Hearod responded to the scene and said Parker appeared to be resting peacefully on his pillow, according to the McAlester News-Capital.
Officials released a statement regarding Parker and his service to the community.
“It is with great sadness that the McAlester Police Department announces the sudden loss of Captain Richard Parker. Captain Parker served the citizens of McAlester for over 26 years,” the statement said. “He truly understood his role to protect and serve our community and cared deeply for the citizens of McAlester and his fellow law enforcement officers. Captain Parker will be greatly missed by those who have had the pleasure of knowing him. We ask that you keep Captain Parker’s family, friends, and community in your thoughts as they grieve this great loss.”
At the time of his death, Parker served as the day-watch shift commander.
Hearod noted that he and Parker arrived at the McAlester Police Department close to the same time.
“I started in ‘95 and he started. in ‘96,” Hearod said.
Parker would have surpassed 27 years with MPD in July.
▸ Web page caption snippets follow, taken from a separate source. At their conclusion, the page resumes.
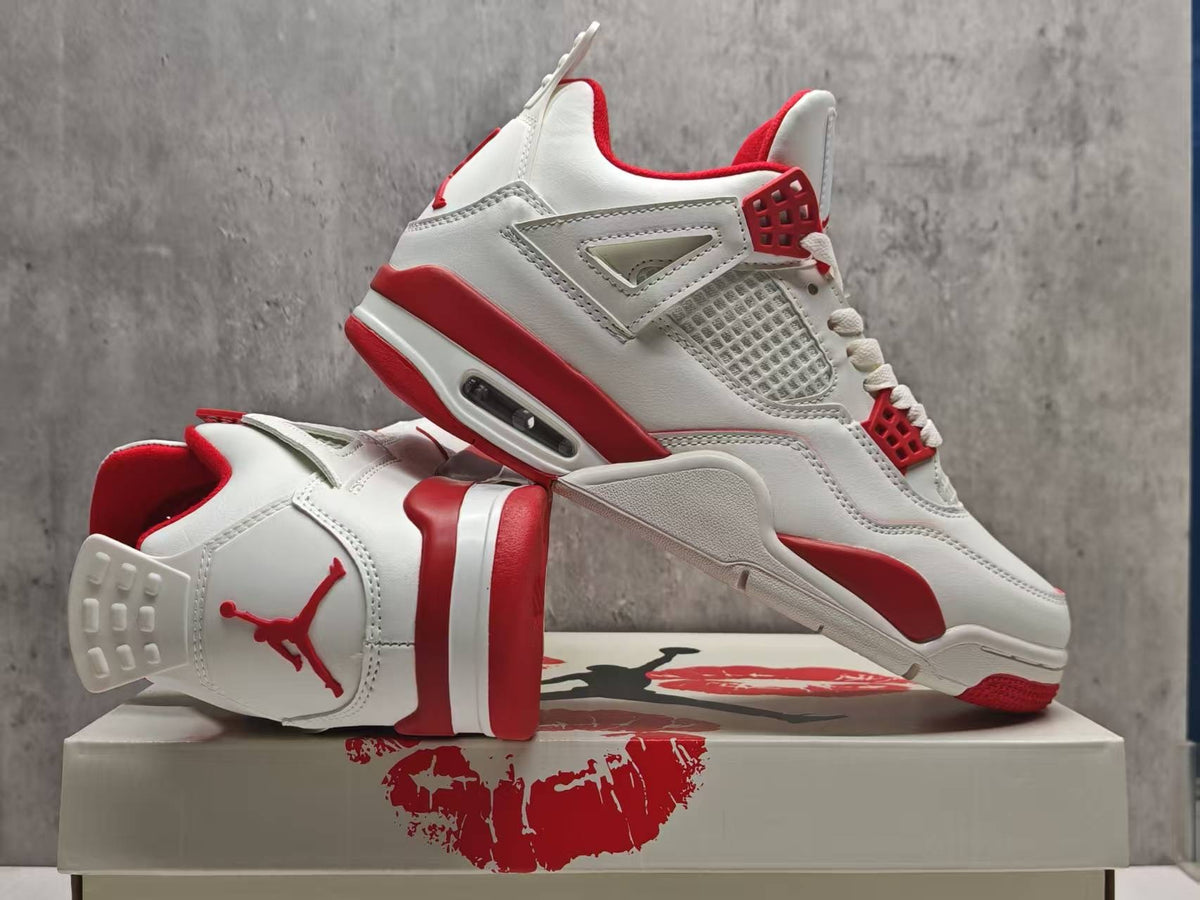 Mid Top Sneakers, Red Colorway, Valentine Design, Lace Up Design, Casual Gift for Sneaker Fans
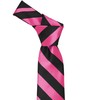 tiemart Extra Long Striped Tie (Hot Pink and Black)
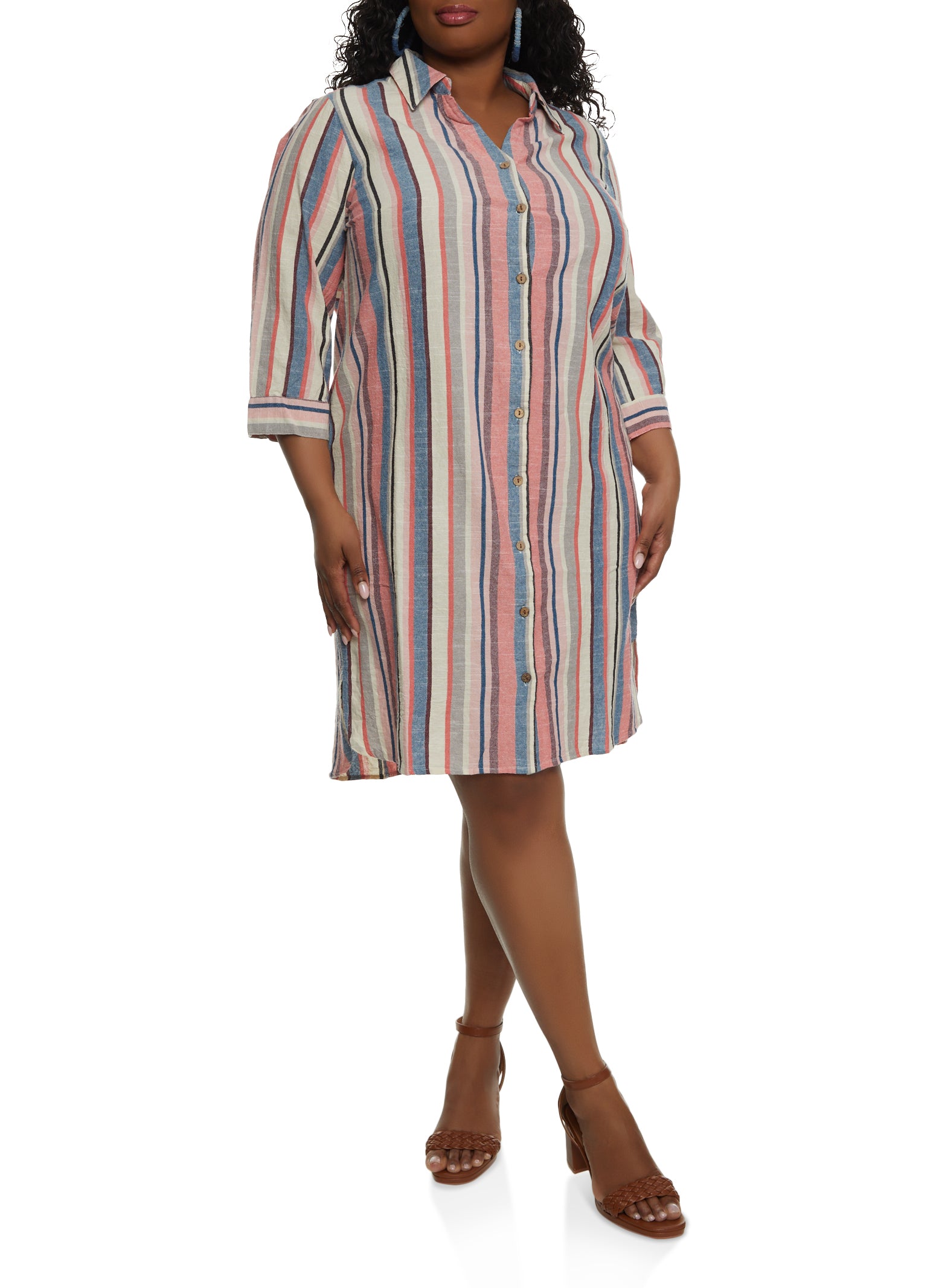 Plus Size shirtdress plus size striped dress plus size linen dresses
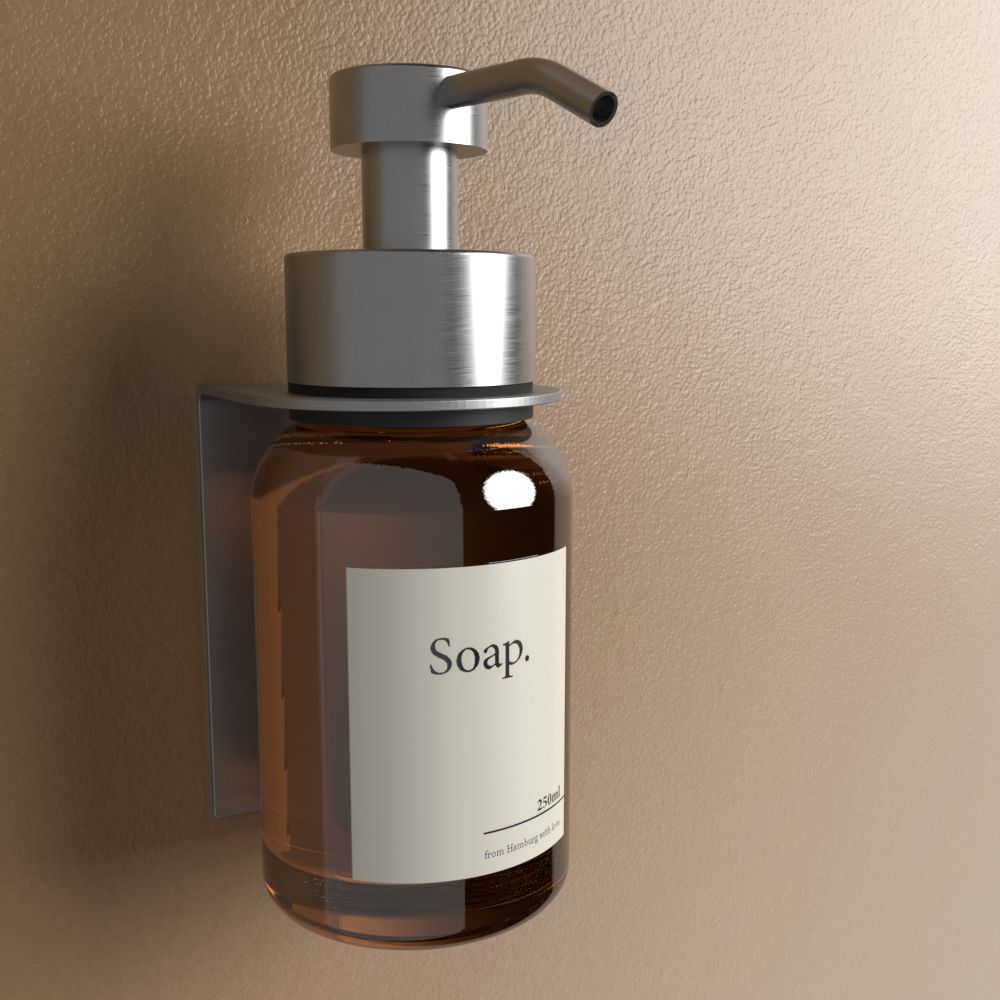 Brushed Steel silver soap dispenser with brown, render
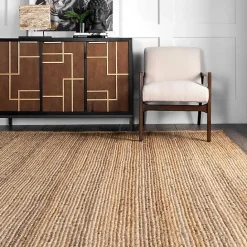 Sale Kirklands Home Natural Hand Woven Rigo Jute Area Rug, 10x13 Tan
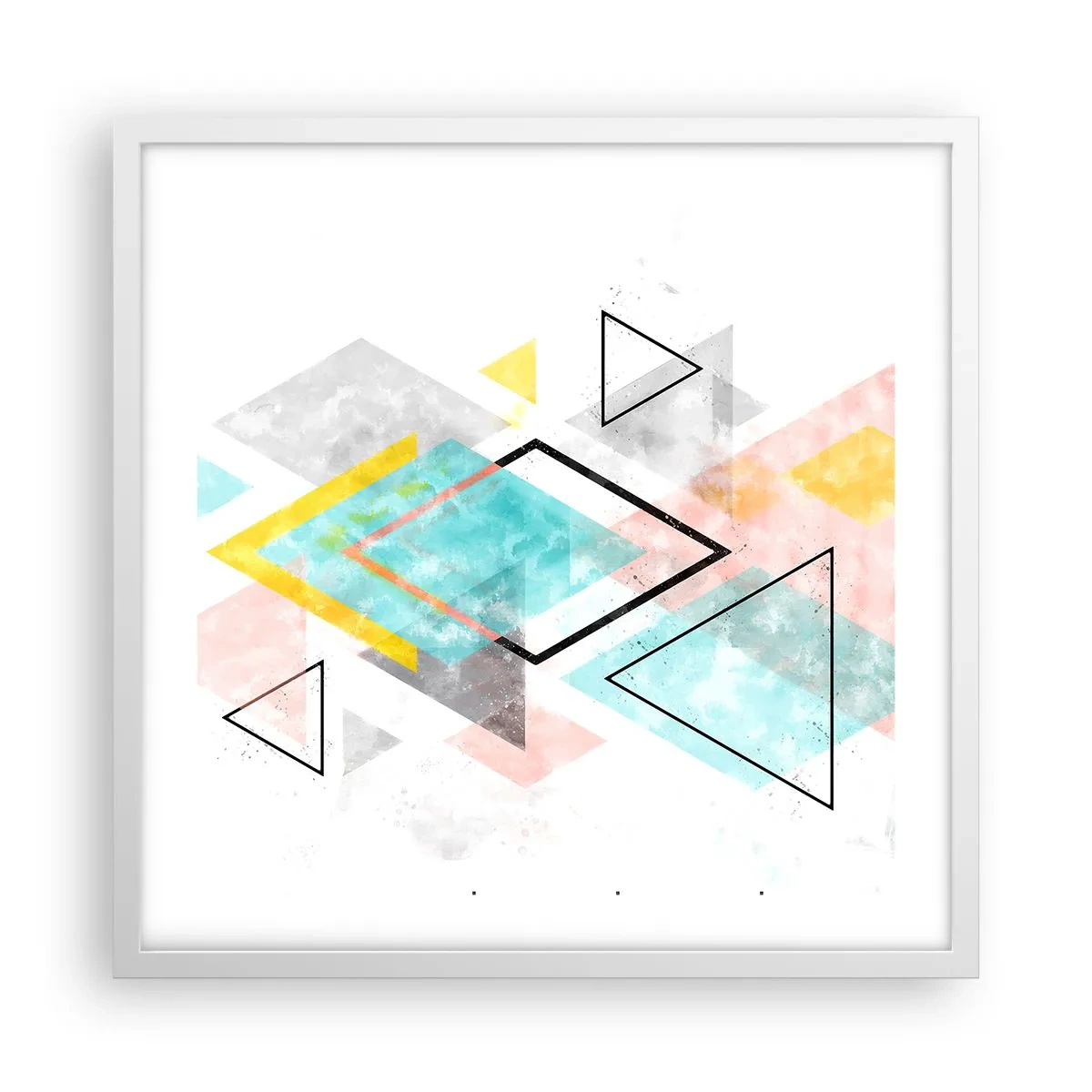 Poster in einem weißen Rahmen - Geometrisches Spiel - 50x50 cm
He intended on working another five years before retiring, according to the chief.
In addition to his primary duties, Parker’s collateral assignments included firearms instructor and the department’s armorer.
“He loved to hunt and he loved to go on cruises with his kids,” Hearod said. “He loved his job and he loved his kids. … He was what you wanted in a cop. He was a solid officer and a solid dad.”